Dans la salle d’audience, « sir Thomas » affiche un visage impassible. Visage fin, bouche serrée, il regarde le sol, le plafond et de temps à autre balaie la salle d’un air presque indifférent, comme s’il était certain d’avoir raison. Ses deux mains menottées sont posées sagement sur ses genoux. Ses parents assistent à l’audience. Son père, 70 ans passés, une masse solide aux cheveux gris, sa mère, petit bout de femme un peu épaisse, au regard las, et quelques amis, écoutent les avocats s’adresser tour à tour au juge de la Haute Cour, chargée de statuer sur le crime commis.

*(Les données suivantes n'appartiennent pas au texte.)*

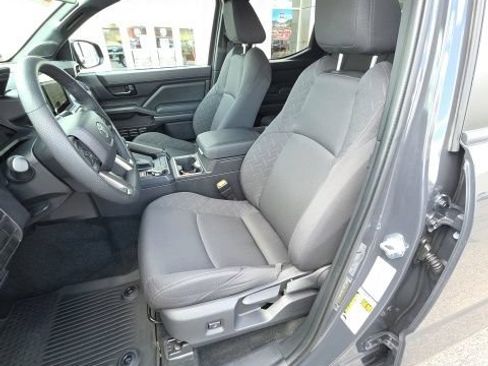 Used 2025 Toyota Tacoma SR5 AWD/4WD image 5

« Il aura du mal à s’en sortir, cette fois« , commente un journaliste du quotidien kenyan Nation, qui suit le procès depuis un an. En effet, Thomas Cholmondeley n’en est pas à ses premières tribulations. En 2005, il a été accusé d’avoir tué un garde forestier d’origine masaï, employé du service kenyan de la faune. Il a été acquitté, au terme d’un procès vite expédié, et après avoir reçu de nombreux témoignages de sympathie de la part de la communauté blanche du Kenya qui, depuis quelques années, craint de subir le même sort qu’au Zimbabwe, où les terres de Blancs ont été nationalisées du jour au lendemain par le Président Robert Mugabe.

Le cas Delamere, dont la presse fait des gorges chaudes, ravive la polémique sur la réputation de ces aristos blancs vivant dans la Rift Valley, dans la plus confortable décadence. Des images stéréotypées leur collent à la peau. Chauffeur, domestiques et grandes propriétés, clubs privé, rallies, et société cloisonnée, coupée des réalités du pays. Il faut sauver la réputation de la « ferme africaine » célébrée par Karen Blixen, célèbre écrivain danoise, partie pour le Kenya en 1914 pour y diriger une plantation de café. Une amie de l’arrière-grand-père de l’accusé, lord Delamere.

A travers le jeune héritier Thomas, c’est la question du legs de la colonisation anglaise qui s’est invitée au procès. Ses paradoxes ressurgissent soudain: les terres blanches « volées » aux paysans noirs, la question foncière, la réputation d’une respectable lignée de colons britanniques…

Le juge déclare la séance levée. Frédéric Ojiambo, l’avocat de la défense, retire sa perruque d’un air désolé et s’empresse de rejoindre son client qui attend son transfert dans la prison de Kamiti, l’une des plus peuplées de Nairobi (4600 prisonniers), sur la route du nord-est de la capitale. Il revient une heure après pour exprimer sa déception aux quelques journalistes qui l’ont attendu.

« Ce procès a attiré l’attention de l’opinion publique de manière exagérée. Je suis sûr que les témoins subissent des pressions de la part de la police judiciaire et du ministère public.

– Vous craignez que ce procès se transforme en procès contre les colons blancs, que Delamere serve d’exemple?

– Je ne l’exclus pas. Heureusement, mon client garde son optimisme, il a confiance dans le système judiciaire kenyan, mais pour ma part, je crains des interférences politiques. »

La défense fait appel sans trop y croire, histoire de gagner du temps. En attendant, la suite du procès devant la Haute Cour est reportée au 21 septembre.